Exercise directions
Where a line below holds the string "象棋棋譜圖片", copy that line.

Stored data
________________________________________
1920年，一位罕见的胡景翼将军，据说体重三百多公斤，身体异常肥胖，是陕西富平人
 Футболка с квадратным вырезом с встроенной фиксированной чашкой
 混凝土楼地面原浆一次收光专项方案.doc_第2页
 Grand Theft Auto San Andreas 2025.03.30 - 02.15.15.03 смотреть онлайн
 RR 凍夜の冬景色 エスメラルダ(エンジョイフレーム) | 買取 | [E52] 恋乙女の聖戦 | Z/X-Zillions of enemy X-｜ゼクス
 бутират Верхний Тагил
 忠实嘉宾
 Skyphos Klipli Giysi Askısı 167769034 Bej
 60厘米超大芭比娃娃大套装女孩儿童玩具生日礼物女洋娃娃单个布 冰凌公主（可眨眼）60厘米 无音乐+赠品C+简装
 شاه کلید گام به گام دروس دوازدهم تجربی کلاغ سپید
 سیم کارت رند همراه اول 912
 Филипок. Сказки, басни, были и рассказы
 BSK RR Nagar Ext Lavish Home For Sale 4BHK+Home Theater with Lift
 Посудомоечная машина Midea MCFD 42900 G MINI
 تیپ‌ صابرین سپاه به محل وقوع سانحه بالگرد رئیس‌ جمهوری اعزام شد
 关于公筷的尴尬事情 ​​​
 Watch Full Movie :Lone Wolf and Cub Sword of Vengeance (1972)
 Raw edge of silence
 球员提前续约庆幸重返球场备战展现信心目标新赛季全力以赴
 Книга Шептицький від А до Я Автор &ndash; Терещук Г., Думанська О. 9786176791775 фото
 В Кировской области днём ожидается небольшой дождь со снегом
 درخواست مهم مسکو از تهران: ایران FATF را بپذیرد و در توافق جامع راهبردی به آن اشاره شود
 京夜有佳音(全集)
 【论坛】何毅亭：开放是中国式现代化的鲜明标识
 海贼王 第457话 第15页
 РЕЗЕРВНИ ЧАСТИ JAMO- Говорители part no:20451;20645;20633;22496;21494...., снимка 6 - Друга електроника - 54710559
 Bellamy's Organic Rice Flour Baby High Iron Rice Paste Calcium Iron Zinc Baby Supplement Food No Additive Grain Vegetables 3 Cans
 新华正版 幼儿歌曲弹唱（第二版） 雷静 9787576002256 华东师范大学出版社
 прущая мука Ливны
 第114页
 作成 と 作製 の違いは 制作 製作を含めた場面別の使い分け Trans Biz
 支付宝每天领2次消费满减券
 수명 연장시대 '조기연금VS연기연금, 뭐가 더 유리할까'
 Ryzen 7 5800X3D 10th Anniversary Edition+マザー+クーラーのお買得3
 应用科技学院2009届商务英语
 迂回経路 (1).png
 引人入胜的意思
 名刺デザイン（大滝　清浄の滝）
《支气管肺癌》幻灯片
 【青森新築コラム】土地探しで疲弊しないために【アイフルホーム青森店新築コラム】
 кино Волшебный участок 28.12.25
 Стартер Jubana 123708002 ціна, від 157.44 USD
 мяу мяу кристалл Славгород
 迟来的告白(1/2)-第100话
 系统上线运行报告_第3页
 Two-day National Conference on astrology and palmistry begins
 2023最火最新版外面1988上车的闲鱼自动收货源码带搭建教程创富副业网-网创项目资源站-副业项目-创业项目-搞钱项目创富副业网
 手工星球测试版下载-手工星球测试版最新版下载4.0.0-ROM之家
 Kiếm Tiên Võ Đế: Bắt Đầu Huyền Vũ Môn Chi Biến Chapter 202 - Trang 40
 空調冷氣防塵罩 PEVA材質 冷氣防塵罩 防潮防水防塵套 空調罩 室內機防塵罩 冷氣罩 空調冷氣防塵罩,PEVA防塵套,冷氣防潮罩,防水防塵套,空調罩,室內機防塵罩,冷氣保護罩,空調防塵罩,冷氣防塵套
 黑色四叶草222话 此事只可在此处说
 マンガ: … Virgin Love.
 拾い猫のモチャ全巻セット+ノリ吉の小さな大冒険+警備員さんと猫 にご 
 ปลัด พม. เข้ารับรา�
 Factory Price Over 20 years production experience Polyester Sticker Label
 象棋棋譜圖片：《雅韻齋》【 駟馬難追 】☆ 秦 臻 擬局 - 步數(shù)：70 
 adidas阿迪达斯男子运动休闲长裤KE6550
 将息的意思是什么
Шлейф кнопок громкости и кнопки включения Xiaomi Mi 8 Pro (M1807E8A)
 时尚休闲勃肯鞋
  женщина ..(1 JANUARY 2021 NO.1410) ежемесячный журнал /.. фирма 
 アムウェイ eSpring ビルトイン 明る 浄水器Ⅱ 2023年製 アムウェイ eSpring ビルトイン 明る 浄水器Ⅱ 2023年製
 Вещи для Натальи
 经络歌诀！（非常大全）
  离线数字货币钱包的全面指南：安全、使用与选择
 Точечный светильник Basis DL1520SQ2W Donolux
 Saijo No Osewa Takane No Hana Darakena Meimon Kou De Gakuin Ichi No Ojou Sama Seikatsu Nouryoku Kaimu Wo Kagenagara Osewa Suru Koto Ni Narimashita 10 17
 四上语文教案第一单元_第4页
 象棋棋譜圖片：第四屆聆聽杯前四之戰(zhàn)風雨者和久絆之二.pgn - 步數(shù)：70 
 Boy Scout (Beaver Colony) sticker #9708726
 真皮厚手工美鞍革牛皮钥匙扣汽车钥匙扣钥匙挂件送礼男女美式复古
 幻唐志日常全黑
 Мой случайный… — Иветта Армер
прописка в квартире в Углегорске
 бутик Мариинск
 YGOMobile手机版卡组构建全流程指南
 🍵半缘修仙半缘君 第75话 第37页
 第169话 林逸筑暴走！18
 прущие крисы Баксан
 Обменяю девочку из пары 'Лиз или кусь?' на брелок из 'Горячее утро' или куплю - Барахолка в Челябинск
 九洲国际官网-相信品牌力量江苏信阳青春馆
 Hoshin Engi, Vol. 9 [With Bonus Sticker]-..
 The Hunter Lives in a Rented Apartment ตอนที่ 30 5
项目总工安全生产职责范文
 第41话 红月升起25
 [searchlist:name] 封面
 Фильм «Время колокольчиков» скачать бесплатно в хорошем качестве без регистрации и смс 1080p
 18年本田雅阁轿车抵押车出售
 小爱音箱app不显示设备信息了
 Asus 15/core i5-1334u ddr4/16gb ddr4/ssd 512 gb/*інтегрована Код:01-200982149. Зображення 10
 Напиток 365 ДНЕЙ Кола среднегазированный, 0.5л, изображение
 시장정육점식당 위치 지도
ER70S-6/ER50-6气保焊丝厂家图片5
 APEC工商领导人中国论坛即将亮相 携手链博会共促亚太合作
________________________________________
Response to this task
 象棋棋譜圖片：《雅韻齋》【 駟馬難追 】☆ 秦 臻 擬局 - 步數(shù)：70 
 象棋棋譜圖片：第四屆聆聽杯前四之戰(zhàn)風雨者和久絆之二.pgn - 步數(shù)：70 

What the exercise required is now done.